Thursday, September 1, 2016

How does weather (hot, cold, rain) foreshadow events that are going to happen in the future in The Great Gatsby by F. Scott Fitzgerald?

The weather is often reflective of the emotional tone of the narrative in The Great Gatsby.

  • In Chapter One, Nick describes his..."familiar conviction that life was beginning over again with the summer," and, in a sense it does as he is introduced to the wealthy Buchanans and Jay Gatsby. When Nick approaches the Buchanan mansion, "on a warm, windy evening," he meets Daisy and Tom Buchanan and Jordan Baker, people whose miens seem artificial. There is a breeze sweeping through the Buchanan mansion as Daisy and Jordan recline upon white couches, in poses that remind one of the Muses.
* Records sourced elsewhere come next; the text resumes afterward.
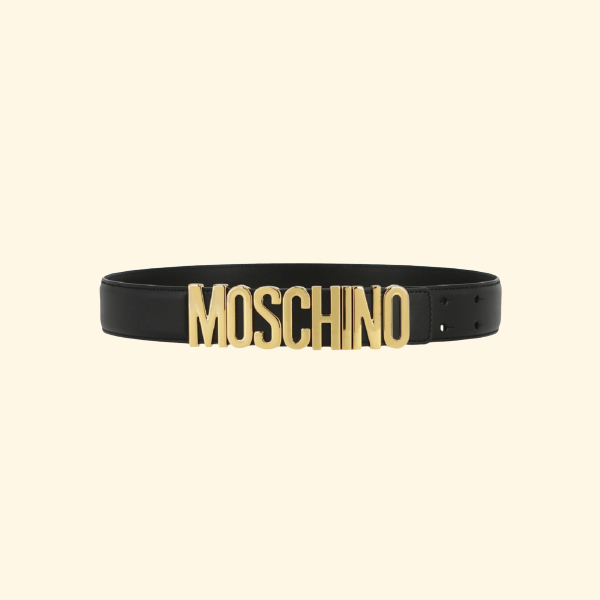 Moschino Leather Logo Belt, Brand New - ShopShops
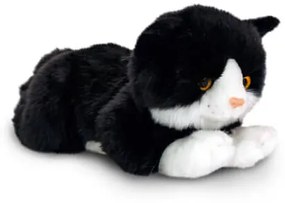Keel Toys Plyšová čierno-biela mačka 30cm
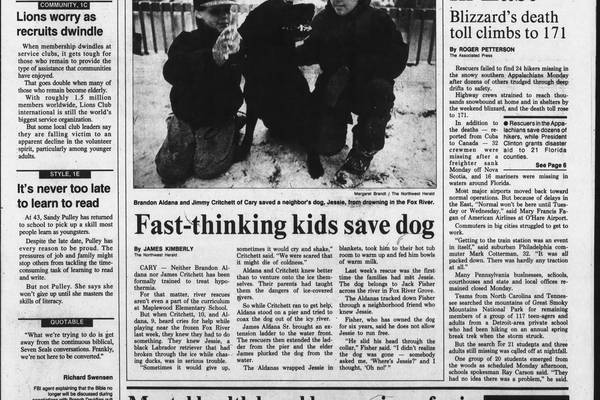 March 16 historical covers: Fast-thinking kids save dog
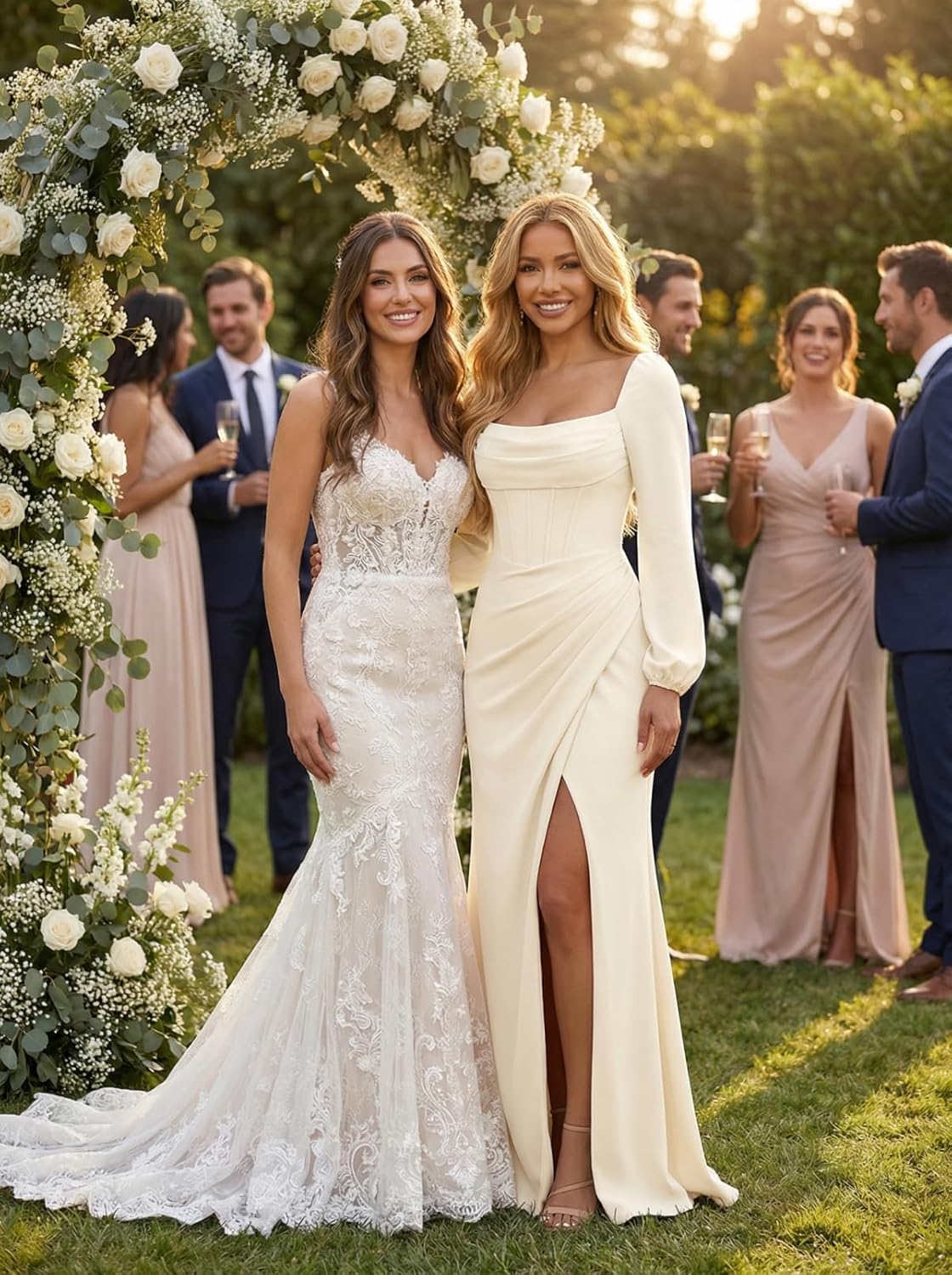 Long Sleeve Bridesmaid Dresses for Women Chiffon Square Neck A-line Pleated Wedding Guest Dress with Slit - Image 5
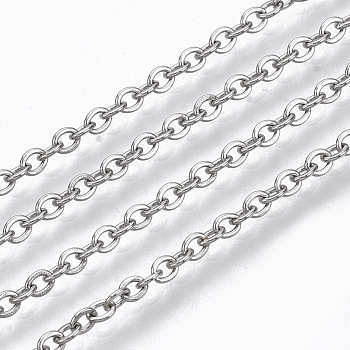 304 Stainless Steel Cable Chains, Soldered, Flat Oval, Stainless Steel Color, 2.7x2x0.4mm, about 6.56 Feet(2m)/strand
As the evening progresses, Nick begins to be swept away by the breezes of wealth, and he is seduced by the life of the rich and the person of Jordan Baker. 
    After Nick returns home, he pulls into his garage and notices that "the wind had blown off," the illusion is gone. But, he notices Mr. Gatsby out on his lawn under the "silver pepper of the stars." He stares at the green light at the end of Daisy's pier.

  • In Chapter Four as Nick and Gatsby ride in his gorgeous car across the bridge to the city, "with the sunlight through the girders making a constant flicker upon the moving cars," Nick exults in "the mystery and the beauty of the world."

  • In Chapter Five, it rains on the day that Gatsby reunites with Daisy, and their reunion is rather strained and tinged with a certain melancholy. As Nick leaves, Gatsby's shows a "faint doubt ...as to the quality of his present happiness."

  • In Chapter Six, at Gatsby's party, Nick watches some of Gatsby's guests at the party and through "a pale thin ray of moonlight" between a director and his star, Nick notices the man stoop and kiss at the cheek of the actress, an act of little meaning, just as the beam of moonlight is temporal.

  • In Chapter Seven, when Gatsby confronts Tom with Daisy's love for him, it is the hottest day of the summer: the weather "was broiling" and the room "was large and stifling." And, as the tension rises, the descriptions of the heat reflect this tension:


From the ballroom beneath, muffled and suffocating chords were drifting up on hot waves of air.



  • Afterwards as they leave, Nick comments that "we drove on toward death through the cooling twilight."

  • Also in this chapter, Gatsby stands outside the Buchanan house, keeping vigil in the night to be sure that Tom does not hurt Daisy, but he is really "watching over nothing." The night signifies the end of Daisy's relationship with Gatsby.

  • In Chapter 8, there is an unreality to the dawn as the "grey turning, gold turning light" on a tree causes the shadow to make the "ghostly birds" sing among "blue leaves."

  • It is the beginning of autumn in this chapter and Gatsby decides to use the pool, perhaps the retain yet some of summer, stopping time and perhaps revitalizing his relationship with Daisy. But, Wilson "nod[s] into the twilight" and kills Gatsby.